Question: For the gas phase reaction, \[{C_2}{H_4} + {\text{ }}H \rightleftharpoons {C_2}{H_6}\left[ {\Delta H...

Question

For the gas phase reaction, ${C_2}{H_4} + {\text{ }}H \rightleftharpoons {C_2}{H_6}\left[ {\Delta H^\circ {\text{ }} = {\text{ }} - 136.8J{\text{ }}mo{l^{ - 1}}} \right]$ , is carried out in vessel, the equilibrium concentration of ${C_2}{H_4}$ can be increased by:
A) Increasing the temperature
B) Decreasing the pressure
C) Removing some ${H_2}$
D) Adding some ${C_2}{H_6}$

Answer 1

Solution

As we know that in every chemical reaction the chemical equilibrium is the state where both reactants and products are present together in concentrations which have no tendencies to change with interval of time. Later make use of the Van’t hoff equation to know which type of reaction is taking place.

Complete step-by-step answer:
The change in enthalpy $\Delta H = - 136.8{\text{ }}J/mol$
We know that the reaction gets equilibrium when the rate of forward reaction equals the rate of the reverse reaction. We must know that all concentrations of reactant and product are constant at equilibrium.
Therefore, the given gas phase reaction is
${C_2}{H_4} + {H_2} \rightleftarrows {C_2}{H_6}$
We can call the equilibrium constant as ${K_{eqm}}$ .
Hence, we can defined as follow
${K_{eqm}} = \dfrac{{[{C_2}{H_6}]}}{{[{C_2}{H_4}][{H_2}]}}$
According to the equation,
${K_1} = {K_{eqm}} = \dfrac{{[{C_2}{H_6}]}}{{[{C_2}{H_4}][{H_2}]}}$
Where, K1 is initial concentration of ${C_2}{H_4}$
After, increasing the concentration of ${C_2}{H_4}$ ,
${K_2} = \dfrac{{[{C_2}{H_6}]}}{{[{C_2}{H_4}][{H_2}]}}$
Where, K2 = new equilibrium constant,
Then, ${K_2} < {\text{ }}{K_1}$
We must know that the Van't Hoff equation relates change in equilibrium constant with change in temperature.
Then, applying Van't Hoff equation
$\dfrac{{{K_2}}}{{{K_1}}} = \dfrac{{ - \Delta H}}{R}\left[ {\dfrac{1}{{{T_2}}} - \dfrac{1}{{{T_1}}}} \right]$
As ${K_2} < {\text{ }}{K_1}$ , thus in $\dfrac{{{K_2}}}{{{K_1}}}$ will have negative value, $\Delta H$ is negative.
Therefore, $\Delta H < 0$ . So it is exothermic reaction.
To make it $\dfrac{{{K_2}}}{{{K_1}}}$ negative, T2 must be greater than T1. So, by increasing temperature increases concentration of ${C_2}{H_4}$ .
According to Chatelier's principle in an exothermic reaction, the increase in temperature favors backward reaction. Therefore, concentration of ${C_2}{H_4}$ also increases.
Hence, we can conclude that the concentration of ${C_2}{H_4}$ is increased by increasing the temperature.

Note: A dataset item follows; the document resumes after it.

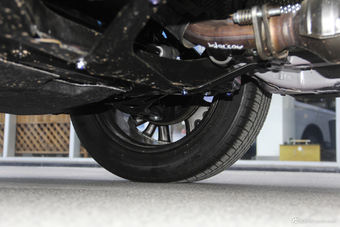 2018款欧蓝德2.0L自动两驱嘉乐版7座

Note: For the equilibrium reaction, ratio of the concentrations of different substances towards the concentrations of those on the other side equals a constant similar for that specific reaction. The ratio is always written with the final products over the reactants. Each concentration must be raised to that power of its stoichiometric coefficient in a reaction.
We must remember that a reversible reaction can proceed in both the forward as well as backward directions. Most reactions are theoretically reversible in the closed system, though some can be considered to be irreversible if they work for the formation of reactants or products.